Voluntários chegam à casa de Mbah Marijan, considerado o guardião espiritual do vulcão Merapi
Foto: Reuters
Entre as vítimas do vulcão indonésio Merapi, que entrou em erupção na terça-feira, está o "avô Marijan", seu "guardião espiritual", que morreu sob as cinzas após uma vida consagrada a acalmar a "montanha de fogo".
O corpo de Marijan foi retirado na manhã desta quarta-feira dos escombros de sua casa, a 4 km da cratera. O telhado e tudo que havia dentro estava coberto por um manto de cinzas.
O ancião de rosto magro estava de cócoras, em uma posição de oração, como se tivesse tentado até o final acalmar a fúria do vulcão, informou a imprensa local.
Junto a ele jazia o corpo de um jornalista, que correu corrido até sua casa para pedir que fugisse, seguindo a ordem de evacuação emitida na véspera pelas autoridades.
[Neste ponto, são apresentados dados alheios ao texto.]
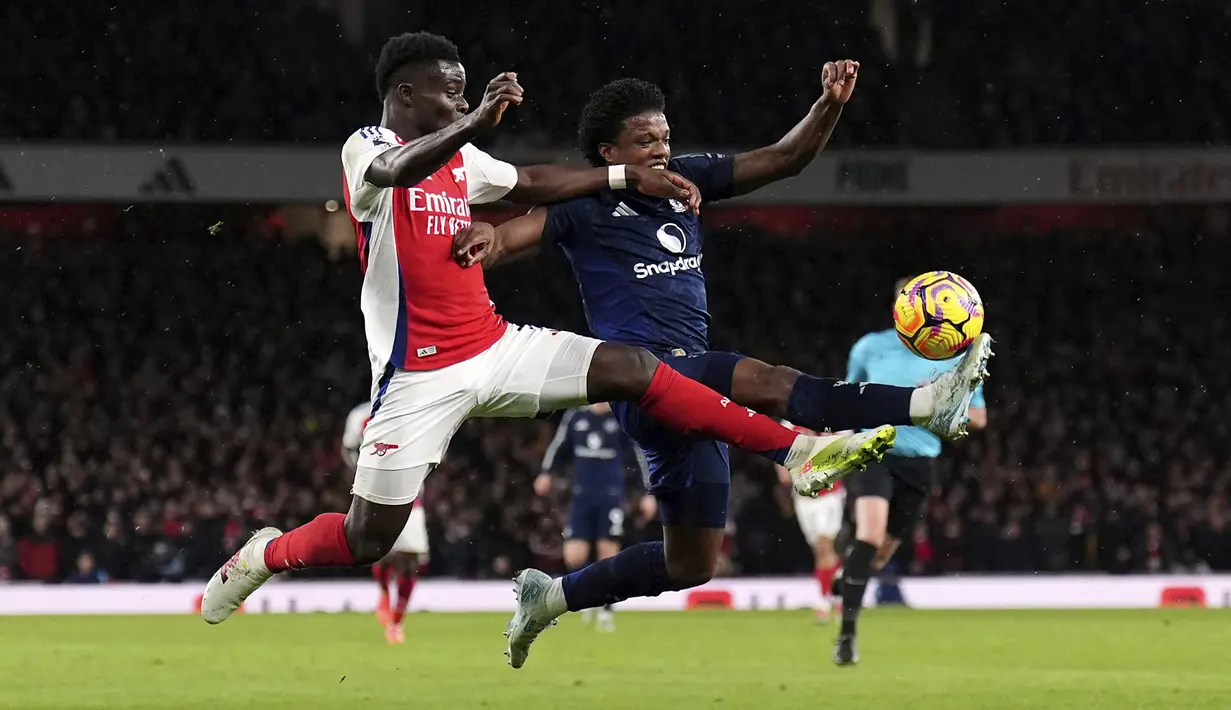 Pemain Arsenal, Bukayo Saka (kiri) berebut bola dengan pemain Arsenal, Tyrell Malacia pada laga lanjutan Liga Inggris 2024/2025 di Emirates Stadium, London, Inggris, Kamis (05/12/2024) WIB. (AP Photo/Kirsty Wigglesworth)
Mas Marijan se recusou a abandonar a casa. "É melhor ficar aqui e rezar", respondeu, segundo um socorrista que tentou levá-lo para um local seguro antes da erupção.
Marijan era uma figura muito respeitada em Java, ilha dominada pelo misticismo, onde o Merapi é ao mesmo tempo sagrado e temido.
O velho sacerdote havia sido nomeado pessoalmente por Hamengkubuwono IX, sultão de Yogyakarta, maior cidade aos pés do vulcão, para zelar pelo respeito às tradições e costumes ligados ao Merapi.
Ele coordenava a cerimônia anual do Labuhan, durante a qual são feitas oferendas ao vulcão para confirmar a aliança entre o palácio do sultão e o mundo dos espíritos que habitam a montanha.
As superstições são importantes entre os javaneses, a maioria muçulmanos cuja fé representa um sincretismo que mescla o islã a outras tradições, como a animista, a budista e a hinduísta.
Para prever uma erupção, os moradores frequentemente confiam mais na observação do nascer do sol e na interpretação de sonhos do que nos cientistas.
Quando o vulcão de 2.914 metros começa a rugir, as mulheres cozinham doces envoltos em folhas de coqueiro para oferecê-los nas portas e tentar acalmar sua fúria.
Na erupção anterior, Marijan havia subido ainda mais perto da cratera para dois dias de meditação, apesar dos rios de lava e das nuvens ferventes.
"Ele considerava que seu mandato era cuidar da montanha. Às vezes, perguntava: 'De que serviria um guardião que abandona seu posto?'", explicou Damarjati Supajar, professor de filosofia de Yogyakarta, que estudou as relações entre os homens e o Merapi.
Mais de 10 mil pessoas vivem nas imediações do vulcão - e, apesar do risco, são gratos a ele pela terra fértil onde plantam frutas e verduras.
"Para nós, Marijan era tão importante quanto o Merapi. Agora que ele já não está, quem vai cuidar do vulcão? O que vai acontecer se houver uma nova erupção?" indagava Wanto, agricultor de 56 anos.